Хозяйка, выглядывая из кухни, румяная от огня, довольно улыбалась. Хозяин следил за кувшином зорким глазом, что-то сам себе подсчитывал.
К пиву велел подать добрый Хинрик всем яичницы, а там и колбасы поспели на рашпере.
Смолкли разговоры, когда наполнились кружки и тарелки. Пришлось Хинрику доставать из пояса заветную монету. Увидели крестьяне живой солид, переглянулись меж собой да ниже склонились над тарелками, веселее заработали челюстями, попросили добавки. Ещё не раз подзывали мальчишку с кувшином.
От тарелок отрывая лица, поглядывали на Хинрика хитрыми глазами; говорили опять по-немецки:
— Знаем мы, что ты немец! — и эстонское словечко вставляли: — Saksa... Ты у нас самый немецкий немец! И говорить не нужно...
Глотали поскорее и прихлёбывали, щедры были на приятные слова:
— Ты даже в kirik[49] впереди немцев идёшь. И все немцы на тебя, Хинрик, равняются. Знаем... Не нужно доказывать.
Ножами от колбас куски отсекали, горячую яичницу хватали руками.
— У тебя немцы учатся слово держать.
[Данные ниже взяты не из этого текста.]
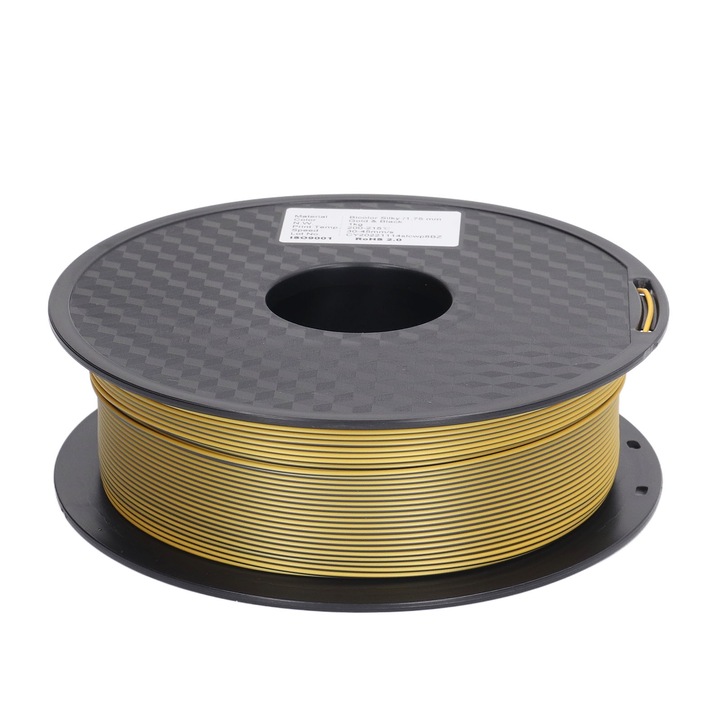 Filament PLA Silk 1.75mm, Enforose, dual color, auriu si negru, set 1x rola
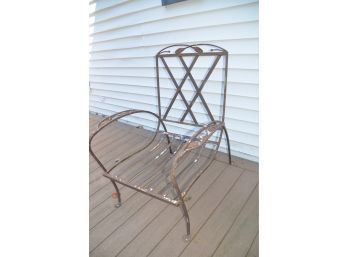 (#212) Vintage Iron Outdoor Arm Chair (no Cushions)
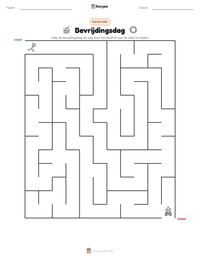 Bevrijdingsdag afdrukbare werkblad voorbeeld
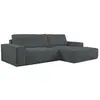 Image de Canapé d'angle droit convertible en velours côtelé gris anthracite AMELIA
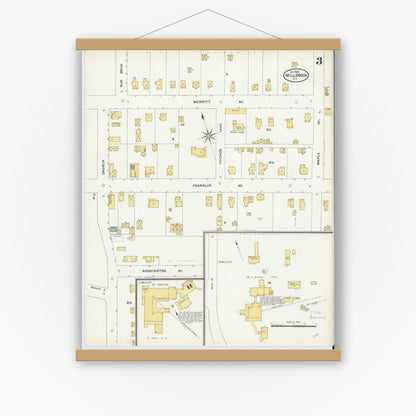 Old map wall art mockup — magnetic wood frame on white wall — Sanborn Fire Insurance Map from Millbrook, Dutchess County, New York (1905), Sheet #0003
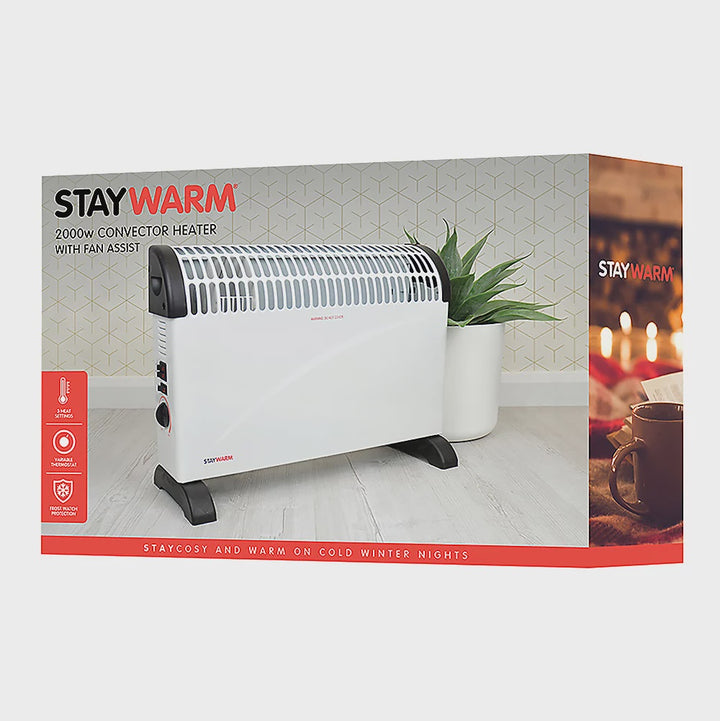 Staywarm White Convector Heater With Fan Assist 2000w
Сказал, что угостишь, — и угощаешь!
Хинрик чувствовал себя господином за этим щедрым столом. Добрым благодетелем. Милы ему были эти речи, тешили слух. Гордость за себя, за щедрость свою распирала ему грудь.
Крестьяне друг другу подмигивали:
— Спроси у нас в Пылау в любом дворе: где живёт немец Хинрик? И сразу ответят: немец Хинрик в замке живёт. А мы добавим: очень щедрый saksa наш Хинрик.
Как будто светлее стало в корчме. И не так убого уже выглядели прокопчённые стены и посечённые ножами столы. Розовый куст пышным цветом расцветал за хлебосольным столом. Поднимался над столешницей лик солнца. Это был Хинрик, внимающий льстивым словам. Круглыми глазами смотрел он на красные масленые губы, на чавкающие рты; но чавканья не слышал, а слышал он прекрасные речи.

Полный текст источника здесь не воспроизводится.